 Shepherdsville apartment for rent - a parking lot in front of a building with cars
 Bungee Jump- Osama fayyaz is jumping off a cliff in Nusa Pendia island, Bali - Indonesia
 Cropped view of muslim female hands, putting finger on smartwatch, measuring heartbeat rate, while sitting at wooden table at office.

######

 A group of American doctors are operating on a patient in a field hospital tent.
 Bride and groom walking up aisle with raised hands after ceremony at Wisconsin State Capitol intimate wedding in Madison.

######

● **Instructions to follow**
Your answer should consist of the lines from the line with "Bungee Jump- Osama" to the line with "Cropped view of" above, repeated exactly, both ends included.

● **Solution**
 Bungee Jump- Osama fayyaz is jumping off a cliff in Nusa Pendia island, Bali - Indonesia
 Cropped view of muslim female hands, putting finger on smartwatch, measuring heartbeat rate, while sitting at wooden table at office.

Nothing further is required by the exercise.